Tuesday, August 2, 2011

MIFF session 8: Play

A gang of five black boys in a Stockholm shopping centre. Two snow pale Swedish boys stroll down a walkway, innocently flaunting their affluence. The gang take in every syllable and after a voting game make their move, crowding in on the white kids and conning them out of their mobile phone. Cut to two white kids with their Asian friend, being sent off by their parents on a spending trip. The gang moves in. This time we follow them from stalking to the move and far, far beyond. Bullying at its finest.

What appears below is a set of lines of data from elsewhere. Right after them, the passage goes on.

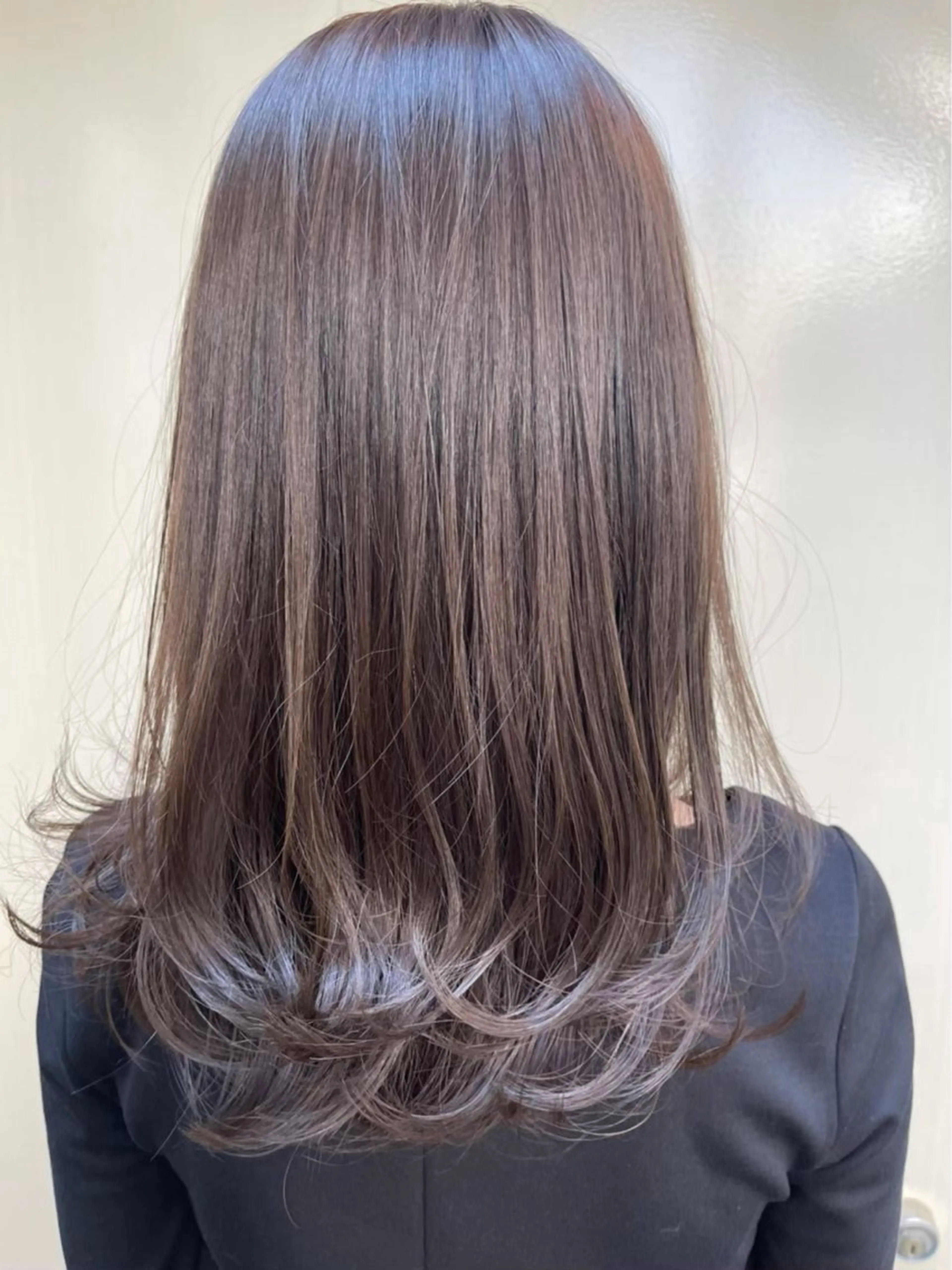 ロング 鈴木 和佳のヘアスタイル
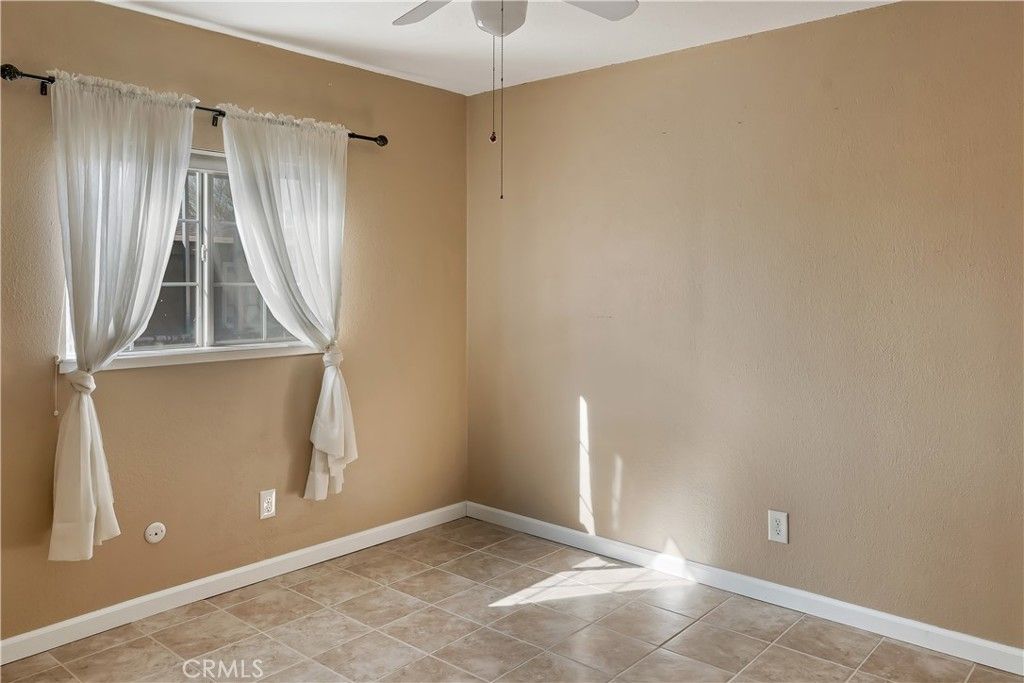 Image 13 of property listing at 25623 Anderson Avenue, Barstow, CA 92311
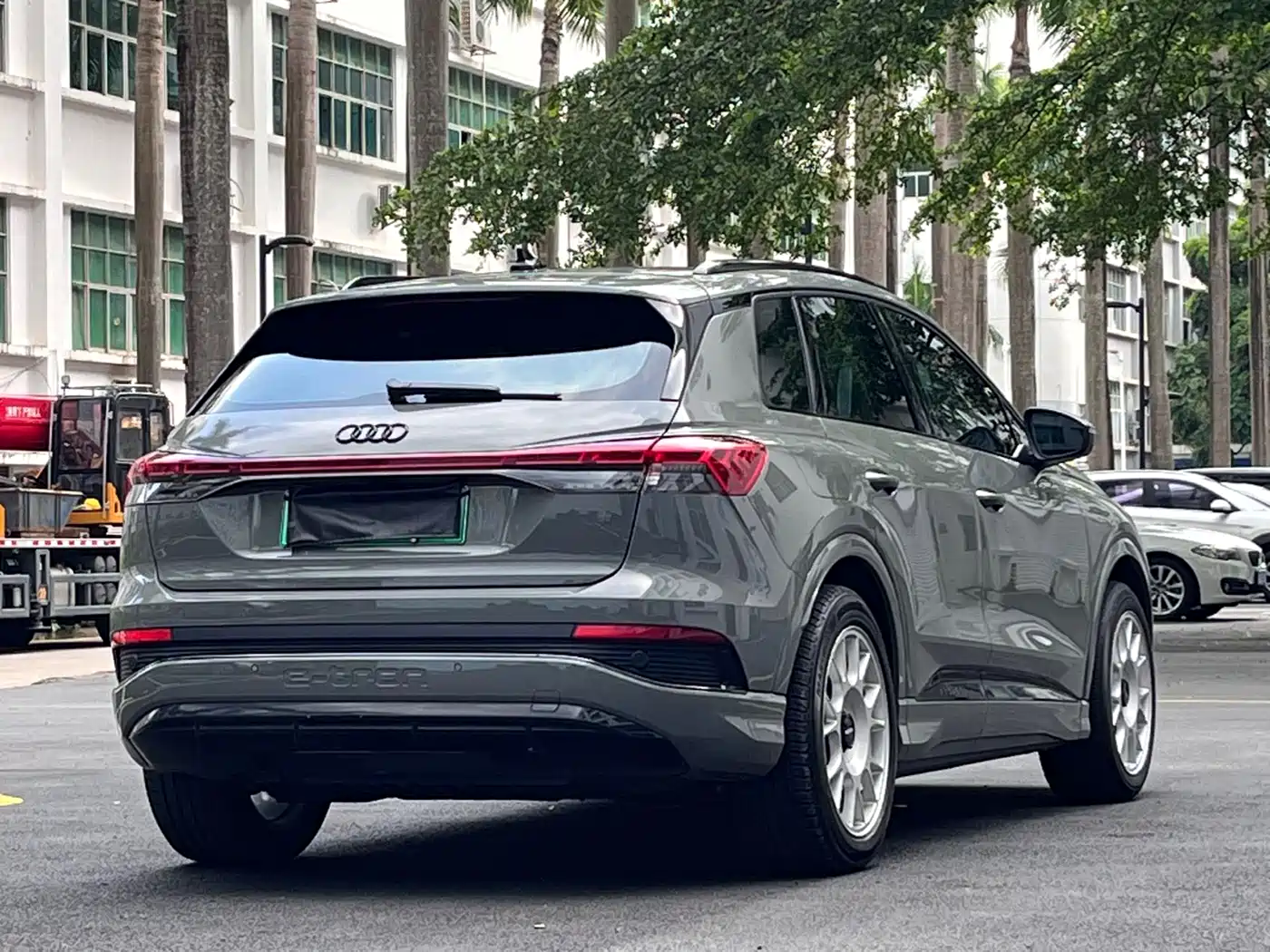 Audi Q4 e-tron 2023 40 e-tron Pioneer Edition фото 19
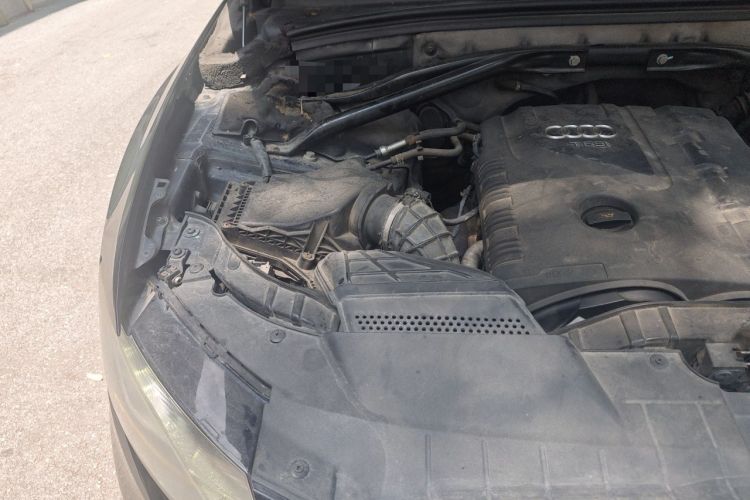 Used Audi Q5 2011 2.0TFSI Comfort Version Engine Bay Right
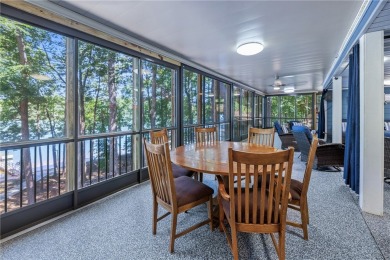 Lake Hartwell location, location, location! Over 100 feet of on The Trail At Chickasaw Pointe in South Carolina - for sale on GolfHomes.com, golf home, golf lot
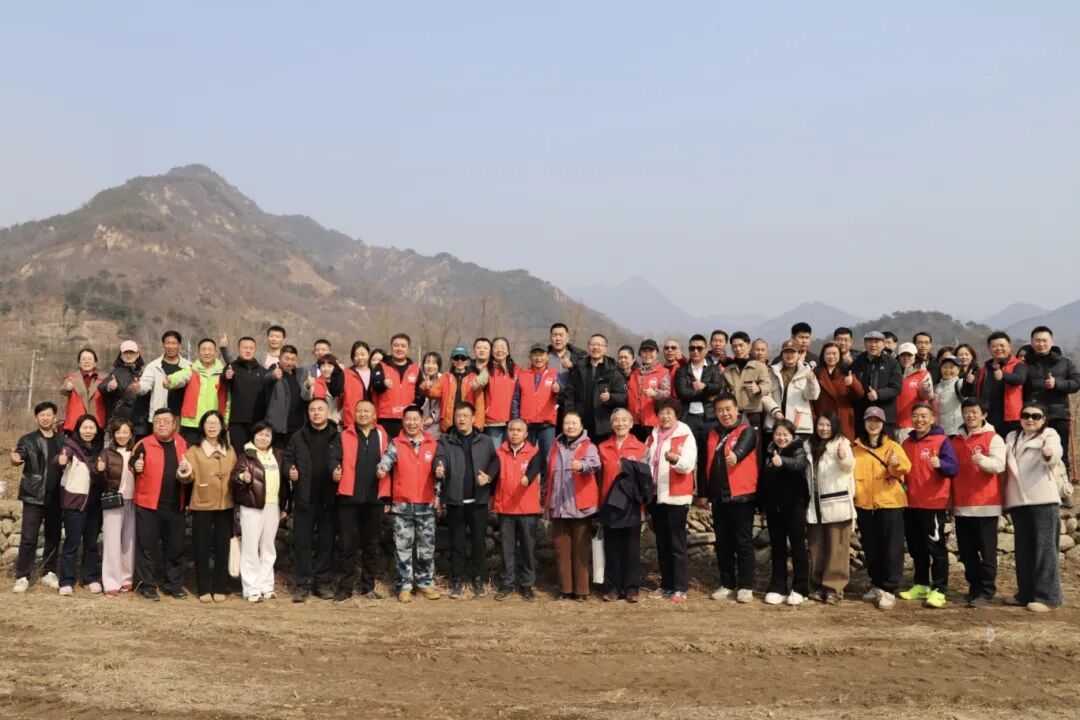 3月12日，在第48个植树节这个充满希望的日子里，由中共北京市异地商会第四联合党委（以下简称“第四联合党委”）、北京陕西企业商会联合主办的植树节活动携手兄弟商会走进北京陕西企业商会执行会长李青山单位——中同庄园，共赴一场与自然的和谐之约，以实际行动践行绿色发展理念，为首都增添一抹新绿，共“树”美好未来。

As frustrating and angering the gang's behaviour gets (I'm talking white knuckle fury in the auditorium, here) it soon becomes clear how deliberate it is. This is paramilitary bullying and it works a hair short of the Stockholm Syndrome (association intended by me and the filmmakers). This gang knows the power of its numbers and the effect its ethnicity has on its victims down to the youngest and most childlike member (the eldest couldn't be more than fifteen). It is this effortless calculation that carriesboth the narrative and our wish for its momentum. These boys are monstrous. Their victims are increasingly pliant. Where can this end?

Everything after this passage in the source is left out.